Lo más chocante es lo que pasa después. Si el policía no se da cuenta del efecto de su empujón inicialmente porque sigue la carrera, sí que se entera después.
 
Fragmento 3:
 
Se aprecia cómo se dan la vuelta ambos policías, se encaran con los 7, quizá diez manifestantes que están en la acera y se vuelven en algún momento hacia la mujer que ha caído. Además, el fragmento no tiene el audio, pero en el original se oyen las palabras de manifestantes llamando la atención sobre la caída.
 
Si el policía fuera consciente de las consecuencias de un acto involuntario en la aplicación de la fuerza, si el objetivo no es el daño como se ha dicho en declaraciones, creo que lo lógico sería interesarse por la mujer, algo que no ocurre. Esto es realmente lo más deplorable. Puedo entender, aunque también me cuesta, que haya sido un error, una acción no intencionada, pero lo que sí que no comprendo es la ausencia de preocupación por la mujer. Eso sí que es imperdonable. 
 
Otra cosa que me ha llamado la atención es que en ningún momento se ha manifestado el policía sobre el hecho para interesarse, para disculparse, para… Sólo silencio y eso lo hace más culpable de violencia gratuita.
 
Esta última afirmación, contraria a ciertas declaraciones oficiales de sindicatos policiales, se sostiene porque nada de lo que se aprecia durante ni después dan indicios de lo que puede ser un error.
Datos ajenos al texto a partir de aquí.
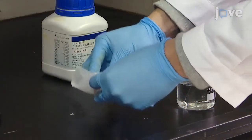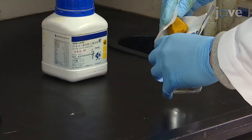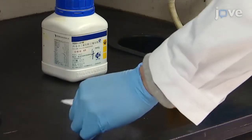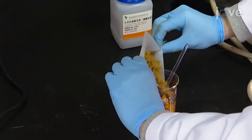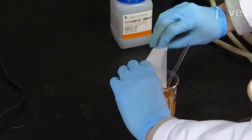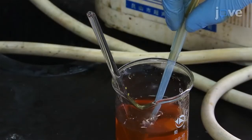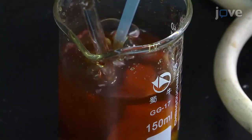To prepare oleic acid-modified superparamagnetic iron oxide nanoparticles, or SPIONs, first add 28 grams of ferrous chloride hexahydrate and 20 grams of ferrous sulfate heptahydrate to a beaker containing 80 milliliters of deionized water, and use a glass conduit to introduce nitrogen into the solution, stirring until the solid matter has dissolved.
Para mi es violencia gratuita (no está en su trayectoria, no hay un gran tumulto sino más bien lo contrario, es razonable pensar que el policía sabía o debería saber que ese empujón fuerte puede tener consecuencias como las que tuvo, no se interesa por la mujer, etc.). Sea consciente o no el policía.
 
En este sentido creo que una acción de este tipo debe conducir a una investigación que entre en el trasfondo de la motivación del policía o de la inconsciencia o de la falta de formación en empatía.
 
Por último, la cuestión de si, como ha dicho Sempér, reiterando el «respaldo a las Fuerzas y Cuerpos de la Policía Nacional», y afirmando que la inmensa mayoría de los agentes «se comportan siempre con el escrúpulo debido».
 
Esta forma de abordarlo sitúa el incidente como una cuestión individual, algo aislado. No se trata de la policía en general sino de un policía. Y tengo mis dudas. Obviamente no se puede condenar a un colectivo por la actuación de una parte y no lo voy a hacer.
 
Pero también es cierto que tengo dudas sobre la formación humana de los cuerpos policiales. No se trata sólo de «derechos» sino de empatía. El segundo policía, ese que va algo avanzando respecto del que da el empujón, tampoco se interesa por la mujer caída. ¿Es un patrón o simplemente son dos individualidades que actúan fuera del patrón? Esa es mi duda y planteo una llamada de atención necesaria sobre la necesidad de que quienes ostentan el monopolio de la fuerza del Estado jamás pierdan el anclaje de la empatía y la responsabilidad ciudadana.